Türkiye Cumhuriyet Merkez Bankası’nın (TCMB) beklenen faiz kararı sonunda açıklandı.
TCMB Para Politikası Kurulu, 475 baz puan artışla politika faizi olan bir haftalık repo faizini yüzde 10,25’ten yüzde 15’e çıkardı.
TCMB’nin faiz kararı, piyasaların beklentisine paralel bir şekilde gerçekleşti.
İngiliz Yayın Kurumu BBC Türkçe’de yer alan habere göre, ekonomistler faiz artışı kararını olumlu karşılasa da bundan sonra izlenecek para politikası açısından sadece bu faiz artışının yeterli olmadığı görüşünde.
Koç Üniversitesi Öğretim Üyesi Prof.
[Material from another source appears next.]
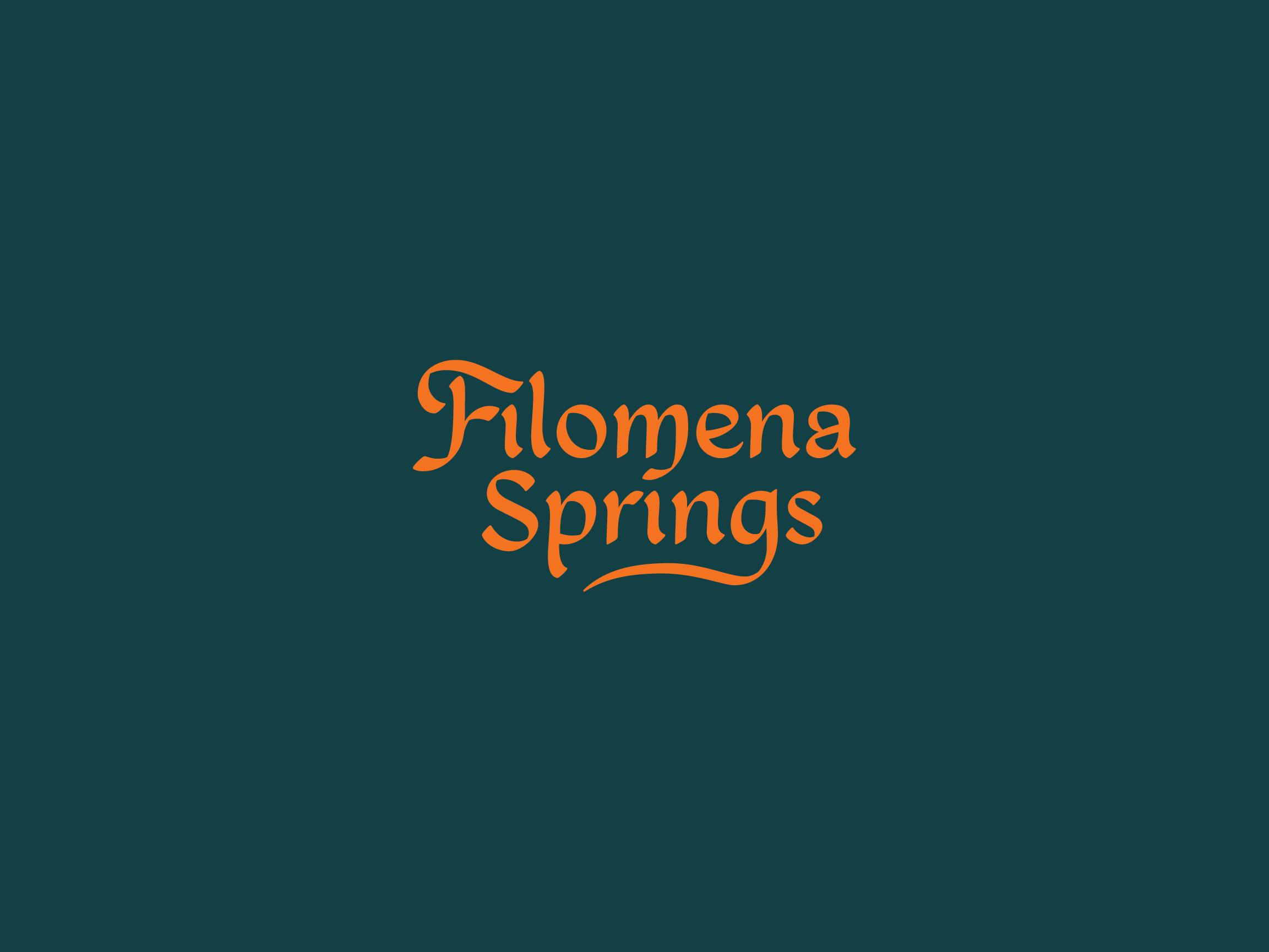 FilomenaSprings-wordmark-5f.png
Dr. Selva Demiralp, bu kararın önemli bir dönüm noktası olduğunu vurguluyor; ancak merkez bankası bağımsızlığı yolunda atılmış kalıcı bir adım olduğunu düşünmüyor.
Demiralp, “Bu adımı daha ziyade finansal krizi engelleyebilmek amacı ile hükümetten çıkan bir izin olarak yorumluyorum” diyor.
Ekonomist Arda Tunca, “Bu karar TCMB’nin güvenilirliğine olumlu bir katkıdır, ancak kredibiliteyi kazanmış mıdır? Bunun için daha uzun bir yol var. Bir PPK kararıyla kredibiliteyi geri kazanamaz” yorumunda bulunuyor.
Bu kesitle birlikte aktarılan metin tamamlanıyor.